The Boston Business Litigation newsletter from Yurko, Salvesen & Remz recently brought to our attention an interesting new lawsuit involving a claim by a dental practice that a dentist violated non-competition and non-solicitation covenants he entered into when he sold his practice. The noncompete restriction at issue prohibited the dentist from “practicing dentistry” for three years within a 15 mile radius of the plaintiff’s South Weymouth office. So far, there is no decision on the plaintiff’s injunction request, but the case does raise interesting question: can you stop a dentist from practicing dentistry within a specific geographic area? Or put another way: shouldn’t dentists be exempt from noncompetes?
In Massachusetts, there are a number of professions that are exempted from noncompete enforcement. As Brian Bialas recently explained, lawyers cannot be subject to non-competition restrictions. And there are a few other professions that enjoy this special status in Massachusetts: physicians, nurses, broadcasters, and social workers.

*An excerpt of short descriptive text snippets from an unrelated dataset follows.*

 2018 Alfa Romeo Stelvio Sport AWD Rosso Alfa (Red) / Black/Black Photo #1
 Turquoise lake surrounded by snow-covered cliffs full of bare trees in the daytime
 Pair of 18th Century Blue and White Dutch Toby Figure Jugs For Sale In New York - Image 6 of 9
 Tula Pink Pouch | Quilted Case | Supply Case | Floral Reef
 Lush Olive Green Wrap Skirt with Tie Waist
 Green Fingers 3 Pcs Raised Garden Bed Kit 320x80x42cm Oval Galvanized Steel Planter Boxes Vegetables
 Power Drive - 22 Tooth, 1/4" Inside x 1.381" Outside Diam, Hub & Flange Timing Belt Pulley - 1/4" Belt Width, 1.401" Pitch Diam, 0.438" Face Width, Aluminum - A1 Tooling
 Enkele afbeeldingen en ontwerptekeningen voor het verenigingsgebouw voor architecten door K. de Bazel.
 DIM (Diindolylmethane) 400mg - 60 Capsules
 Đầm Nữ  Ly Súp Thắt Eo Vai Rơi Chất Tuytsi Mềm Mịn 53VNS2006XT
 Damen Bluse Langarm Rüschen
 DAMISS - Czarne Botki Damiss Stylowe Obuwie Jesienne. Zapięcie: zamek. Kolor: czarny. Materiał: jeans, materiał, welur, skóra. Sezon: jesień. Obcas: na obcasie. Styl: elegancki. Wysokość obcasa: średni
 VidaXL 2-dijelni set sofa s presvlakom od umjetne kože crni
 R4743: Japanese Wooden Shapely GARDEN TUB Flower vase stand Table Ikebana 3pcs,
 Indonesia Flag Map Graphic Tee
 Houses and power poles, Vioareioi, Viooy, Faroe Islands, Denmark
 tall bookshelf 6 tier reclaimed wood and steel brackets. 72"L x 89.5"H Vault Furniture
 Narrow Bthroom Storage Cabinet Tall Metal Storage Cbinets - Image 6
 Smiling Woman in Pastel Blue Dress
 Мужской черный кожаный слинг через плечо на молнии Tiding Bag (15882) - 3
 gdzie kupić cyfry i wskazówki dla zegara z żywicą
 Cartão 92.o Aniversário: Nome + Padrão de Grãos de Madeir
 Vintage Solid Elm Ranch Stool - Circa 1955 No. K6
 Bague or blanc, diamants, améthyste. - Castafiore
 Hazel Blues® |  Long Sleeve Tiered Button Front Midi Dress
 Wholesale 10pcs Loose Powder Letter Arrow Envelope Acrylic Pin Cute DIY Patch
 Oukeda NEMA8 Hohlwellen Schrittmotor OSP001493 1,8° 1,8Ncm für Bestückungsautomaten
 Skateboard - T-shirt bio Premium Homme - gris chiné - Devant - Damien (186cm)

Employees in these professions cannot, by virtue of specific legislation altering the common law of noncompetes, be subject to a post-employment noncompete. So, if your doctor leaves his medical practice and wants to hang a shingle down the street, he cannot be restricted from doing so by a traditional non-competition agreement.
But no statutory exemption exists in Massachusetts for dentists. Certainly a good argument can be made that the public policy underlying the exclusion for physicians — that a patient’s interest in receiving medical treatment from the doctor of her choice overrides any business interest in restricting unfair competition — should apply equally to dentists. But for now, dentists don’t enjoy this protection.